Palm Beach Daily News
- The March 11, 2009 front page of The Palm Beach Daily News
- Type: Daily newspaper
- Format: Broadsheet
- Owner: USA Today Co.
- Publisher: Tim Burke
- Editor: Carol Rose
- Founded: 1897 as Lake Worth Daily News
- Headquarters: 2751 S. Dixie Highway, West Palm Beach, FL 33405
- Circulation: 3,019
- OCLC number: 55506588
- Website: palmbeachdailynews.com

= Palm Beach Daily News =

Newspaper in Palm Beach, Florida

The Palm Beach Daily News is a newspaper serving the town of Palm Beach in Palm Beach County in South Florida. It is also known as "The Shiny Sheet" because of its heavy, slick newsprint stock.

== History ==
The newspaper was founded in 1897 as the Lake Worth Daily News, and it covers the news and social affairs of the residents on the island of Palm Beach itself.
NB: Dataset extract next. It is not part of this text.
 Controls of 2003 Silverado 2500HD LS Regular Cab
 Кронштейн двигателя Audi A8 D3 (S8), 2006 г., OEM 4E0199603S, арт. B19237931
Previously owned by Cox Enterprises, it has been a sister publication of The Palm Beach Post since 1948, when Florida newspaper owner John Perry, owner of The Post, bought the Daily News as well. Cox acquired all of Perry's properties in the Palm Beaches in 1969.

On October 31, 2017, Cox Media Group announced its plans to sell the Palm Beach Daily News and Palm Beach Post. In 2018, it was announced that GateHouse Media would buy the newspapers for $49.25 million, with the deal closed in May.